Not only are the devices cheap, but they can be tossed away after using. But that’s not the whole picture about why GeneFluidics is a contender in the nascent nanobio industry. It’s the glass.

By shifting from silicon to glass substrates, GeneFluidics cut manufacturing costs by about 80 percent and improved the device. By making the switch, the cartridges can sell for $15 to $50, depending on their use, said Lee Cheng, vice president and general counsel of GeneFluidics.

“Silicon substrate is more expensive and silicon is not naturally biocompatible,” Cheng said. A substrate is the material upon which a device is built in or on. The technique comes from the microprocessor world where silicon is the material of choice. GeneFluidics has filed two patents and has two in process covering the nanotechnology, microfluidics and bioMEMS technology built into its sensor, cartridge and system, Cheng said. The company plans to file six more patents by the end of this year, he said.

The cartridges, along with their desktop analyzers, could replace roomfuls of pharmaceutical, chemical, analytical and clinical diagnostic equipment, and do not require a high level of technical training to use.

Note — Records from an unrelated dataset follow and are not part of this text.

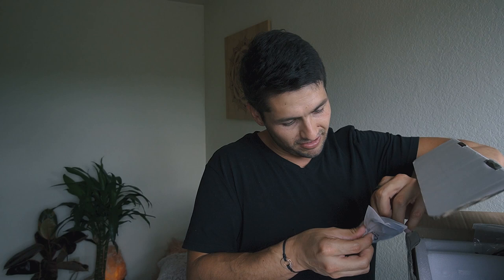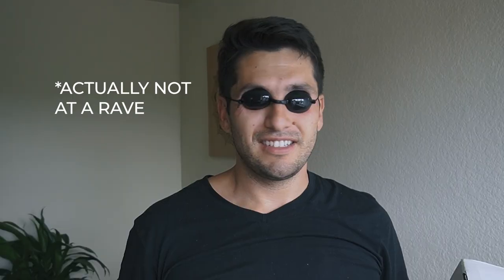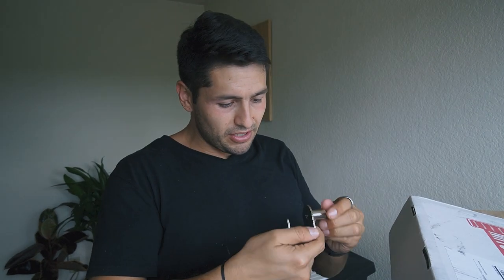Let's take a look at these goggles. I look like I'm at a rave — not a good look for me. Moving on. We also have what I believe is a clamp, used to clamp it to something if you choose to do that.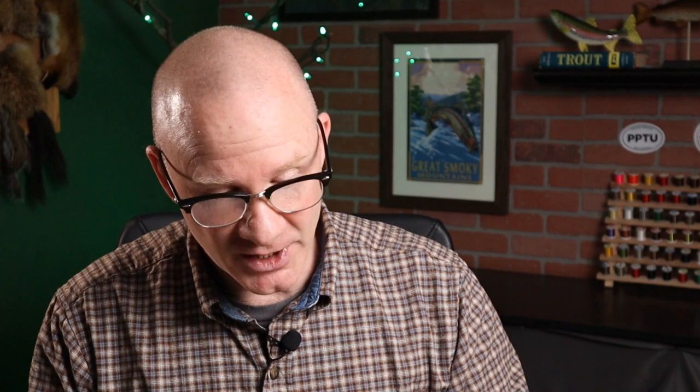So for less than $10, you can get one of these containers and then a couple of skeins of yarn and just make years worth of dubbing and yarn body material. And you can get this yarn in acrylic for making synthetic dubbings, or you can get it in wool for making a natural dubbing.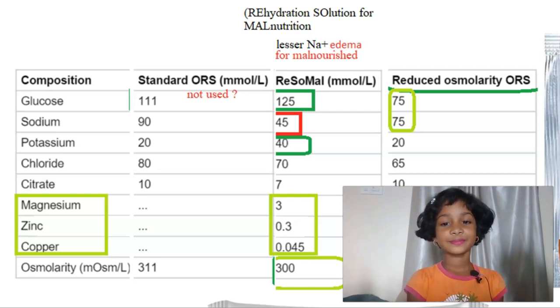In this, what is the osmolarity? 300. Can you show 300?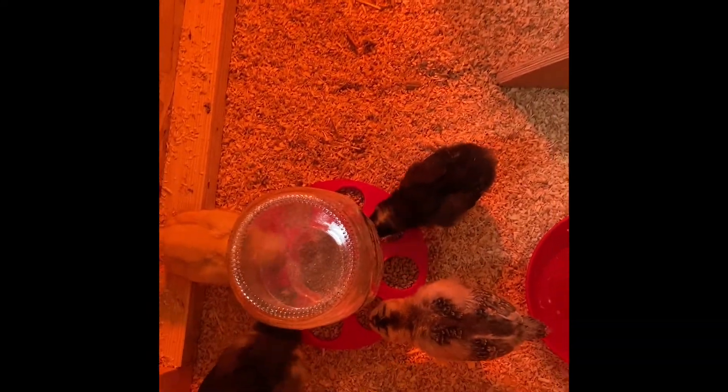We have everything put back together. We usually add more food at nighttime, otherwise it gets messy. The water was refilled — I end up refilling it a couple times a day.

But GeneFluidics, is not alone in the race to streamline the laboratory. Many companies are working on microfluidics/nanotech solutions in sample prep and molecular analysis for detection of DNA/RNA, proteins or small molecules. Companies include San Diego-based Nanogen Inc. and Cepheid Inc. of Sunnyvale, Calif.

Privately held Xanthon Inc., based in Research Triangle Park, N.C., is working on commercializing electrochemical detection technology for the direct analysis of DNA, RNA and proteins. Other players in the field include Siemens AG, headquartered in Munich, and Aclara BioSciences of Mountain View, Calif.

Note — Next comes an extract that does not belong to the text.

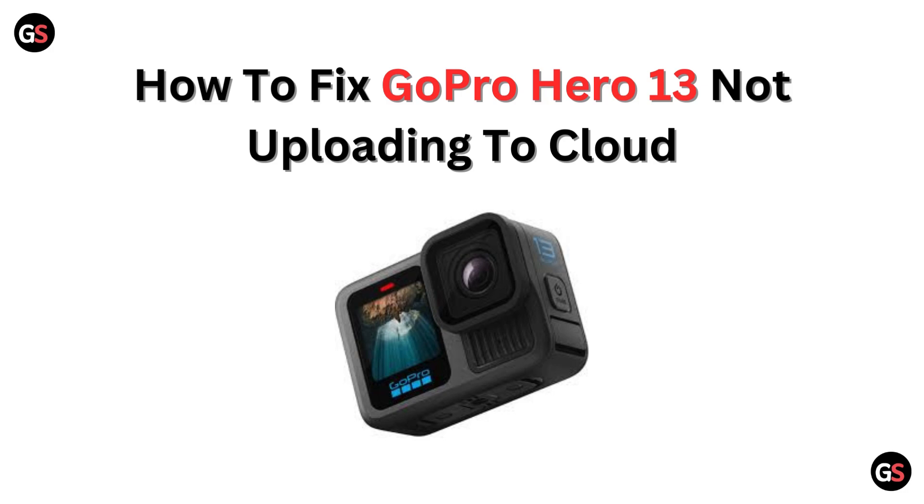Hi everyone. Is your GoPro Hero 13 stuck on uploading to the cloud? Don't stress — in this video we will share quick and easy fixes to help you get your footage stored safely. Let's jump right in.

GeneFluidics is “focused on the first stages of the sample preparation, as opposed to the end preparation,” said Fariba Ghodsian, director of health care research at Roth Capital Partners, Long Beach, Calif. “They are streamlining the initial steps.”

Presently, molecular identification and analysis can take days in a process called polymerase chain reaction (PCR) — a technique for the amplification of DNA in the laboratory. The technology, for which chemist Cary Mullis won a Nobel Prize in 1993, has revolutionized molecular biology over that past decade and has become a multibillion-dollar industry.

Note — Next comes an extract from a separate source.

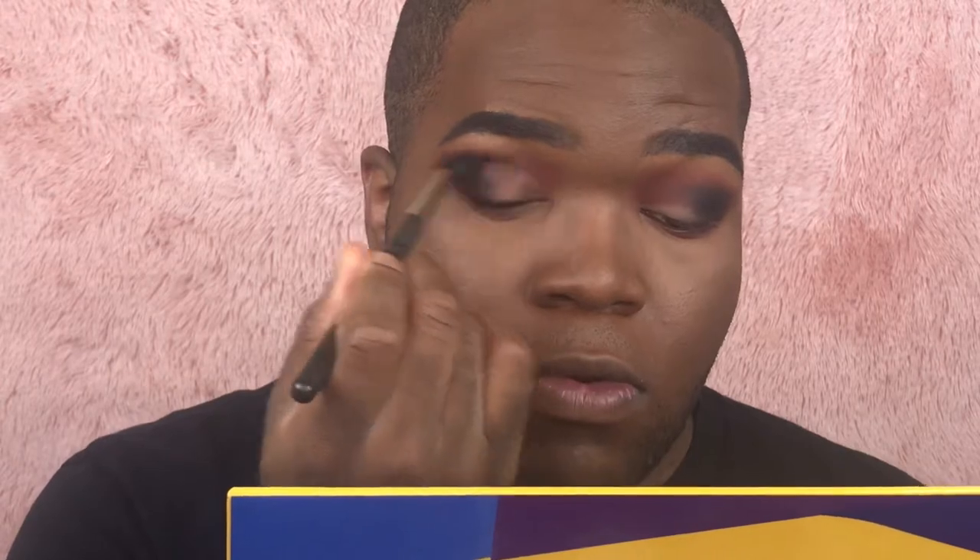To soften the black, I'm taking the leftover brown shadow on my earlier blending brush and really softening the edges of the black so it's not as harsh, blending it all the way through so the black naturally transitions into the surrounding area.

“Data and patents speak volumes in my experience,” said Karen Hedine, president of Micronics Inc., a veteran player in the microfluidics market.

Micronics has developed several lab-on-a-chip technologies that are used as plastic, disposable, integrated microfluidic circuits, typically in credit card–sized cartridges. The company holds 13 issued patents specific to laminar flow diffusion mixing and separation.

“The lab-on-a-chip market is getting a lot of Wall Street attention lately,” Hedine said. From her perspective, companies with proven products in the market so far are i-Stat Corp. of East Windsor, N.J., Cepheid; Aclara; Caliper Technologies Corp. of Mountain View, Calif., and Micronics.

“Each of us uses different materials, has unique IP and pursues different solutions to a range of applications,” Hedine said.

Privately held Micronics began in 1994 as a spinoff from the University of Washington in Seattle and is now based in Redmond, Wash. Ardesta, the parent company of Small Times Media, is among its investors.

“Many companies are developing non-PCR based applications — and have the patents … to protect their approach,” Hedine said. Bloomfield, Colo.-based Xtrana is one such company.

“Even in the hype that surrounded the exploding genomics market some years ago, those companies that claimed their technology did not require PCR later found that they were not able to obtain the same level of assay sensitivity required,” Hedine said. “For me, the devil is in the data.”

Hedine is referring to “those products in the past,” UCLA’s Ho responded. The future could be different, he suggested. “The new MEMS technology applied by GeneFluidics may fulfill the dream.”